Many AI tools are built into the system in functionality bundles called AI Tool Libraries. There are different kinds of libraries:
Standard libraries: these are a default set of AI tool libraries with capabilities like web search and browsing, email drafting, image and video processing, and document processing.
Web search: tools to search the web, answer questions based on web content, read and extract information from web pages
File system module: tools to read, create, update, move, and delete files in a cloud file system (Google Drive or Office 365, depending on the user's work environment).
Image processing: tools to edit and query image content
Video processing: tools to edit and query video content
Communications: tools to draft or send email and messages
Document templating: tools to create documents based on parameterized templates
Application libraries: every user can augment their account with connections to other systems.
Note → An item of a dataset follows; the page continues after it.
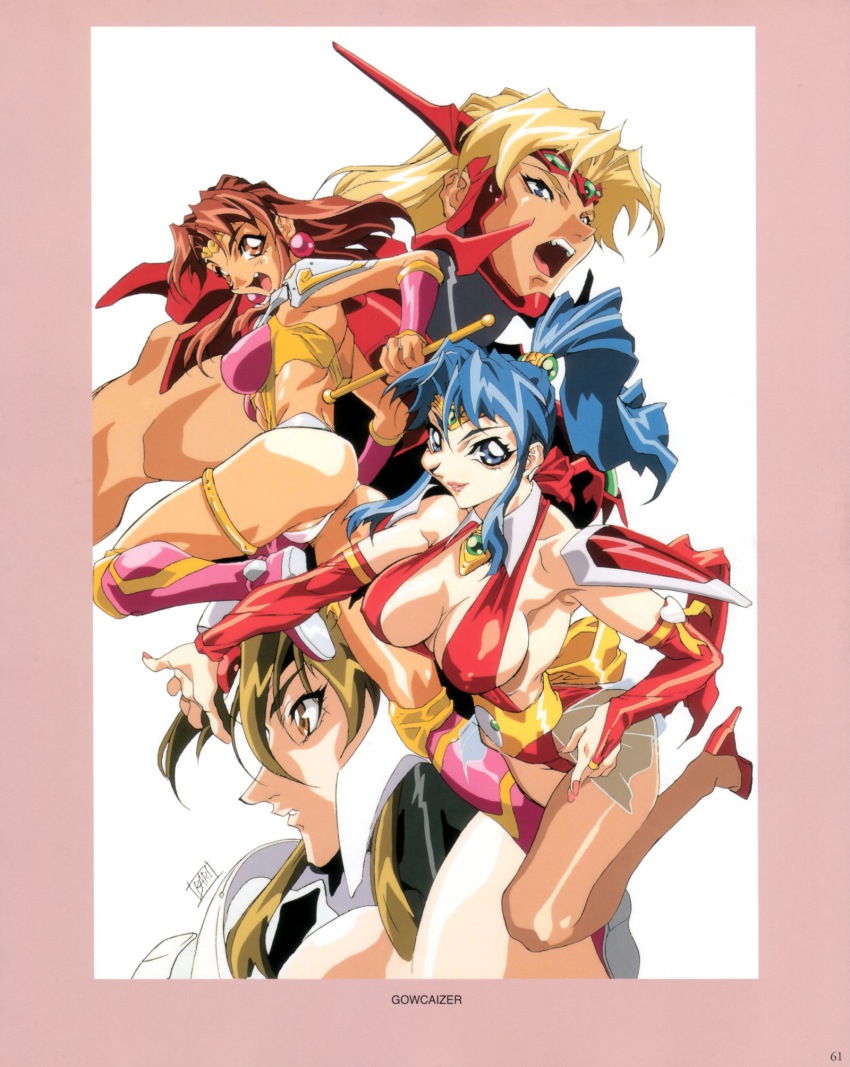 1990s_(style) 1boy 3girls armor armpits artbook asahina_suzu ass back bent_over blonde_hair blue_eyes blue_hair boots border bow breasts breasts_apart bridal_gauntlets brown_eyes brown_hair brown_legwear cameltoe choker choujin_gakuen_gowcaizer circlet cleavage copyright_name covered_erect_nipples curvy earrings fang fingernails gem gloves green_hair hair_ornament high_heels high_ponytail highres hishizaki_shaia_(gowcaizer) holding jewelry jumping kaiza_isato large_breasts leg_lift leotard lips lipstick long_fingernails long_hair looking_at_viewer looking_away magical_girl makeup medium_breasts multiple_girls nail_polish official_art oobari_masami open_mouth outstretched_hand panties pantyhose partially_visible_vulva pauldrons pink_boots pink_legwear platonic_slave ponytail retro_artstyle revealing_clothes sash scan see-through_clothes shoes short_hair shoulder_armor sideboob sidelocks signature simple_background skirt smile son_karin staff technos thigh_boots thighhighs thighlet thong tiara underwear weapon white_background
For example, a user may add a Google Drive connection and this automatically enables an AI tool library that allows that user's AI agents to read and write files and spreadsheets and folders in that Google Drive. Another common use of connections is to integrate with an existing enterprise application using the MCP protocol. Learn more about integration with applications.
Imported thunk libraries: users can define AI tools in one thunk and share them across many other thunks (of their own or for access to other users as well). There are many benefits, especially when teams of users are implementing many AI agent automation processes. Learn more about modular reuse of thunks.
Platform libraries: some of the internal capabilities of the platform (eg: dynamic planning, or reflection, or workflow state update) are also represented as AI tools. While the user cannot directly author these tools, they can be configured in the same way as any other AI tool.